# Removing a half installed Wa handle



## Von blewitt (Oct 17, 2013)

I was replacing the Wa- handle on a knife of mine which has quite a thick tang, I thought I'd made enough adjustment that by the time it was burnt on it would be a tight fit, but I was wrong,now I'm in limbo! I'm around 1cm short of having it fit properly and it won't go any further and I'm having a really hard time getting it off again. Are there any tricks for loosening the handle that wont do any permanent damage? Or any way to help it along that last cm




[/IMG]

That's for your help


----------



## Hattorichop (Oct 17, 2013)

Hold a scrap block of wood longer then the blade against the blade face and resting on the ferrule. Smack said block of wood with a hammer and voila, the handle will be removed with no danmage.



Von blewitt said:


> I was replacing the Wa- handle on a knife of mine which has quite a thick tang, I thought I'd made enough adjustment that by the time it was burnt on it would be a tight fit, but I was wrong,now I'm in limbo! I'm around 1cm short of having it fit properly and it won't go any further and I'm having a really hard time getting it off again. Are there any tricks for loosening the handle that wont do any permanent damage?
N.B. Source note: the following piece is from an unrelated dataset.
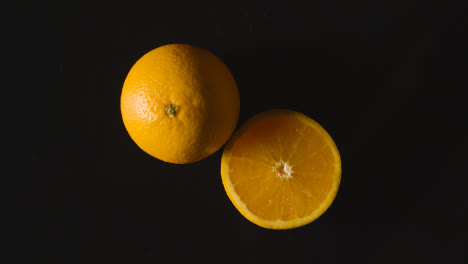 Overhead-Studioaufnahme-Von-Ganzen-Und-Halbierten-Orangen-Vor-Schwarzem-Hintergrund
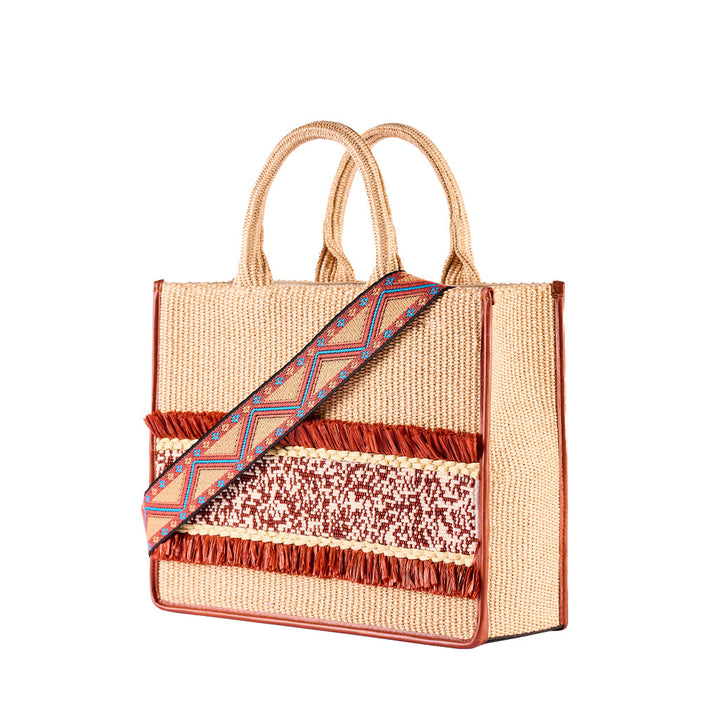 Handwoven beach tote bag with vibrant decorative strap and fringe detailing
Or any way to help it along that last cm
> 
> 
> 
> ...


----------



## Von blewitt (Oct 17, 2013)

Thanks Karl, that's what I've been doing but to no avail, I've taken quite a few handles off like that before but this one is proving particularly stubborn! I think I need a bigger hammer


----------



## Von blewitt (Oct 17, 2013)

Haha success!!!
Moral to this story, if at first you don't succeed try a bigger hammer


----------



## Hattorichop (Oct 17, 2013)

haha, Im glad you got it.


----------



## Marko Tsourkan (Oct 20, 2013)

Von blewitt said:


> Thanks Karl, that's what I've been doing but to no avail, I've taken quite a few handles off like that before but this one is proving particularly stubborn! I think I need a bigger hammer



Huw,
it's just friction. You need to strike a few times before you see some movement. A wood mallet is much kinder (and offers more control because of the wider surface) to your handles than a metal one. Put some masking tape on the edge or you might accidentally remove you fingers with the handle.


----------



## jklip13 (Oct 21, 2013)

try freezing, but make sure its bone dry before or else you will freeze it on. if its totally dry it will shrink the tang and widen the hole


----------



## pkjames (Oct 30, 2013)

it is a tricky business, glad you got it mate


----------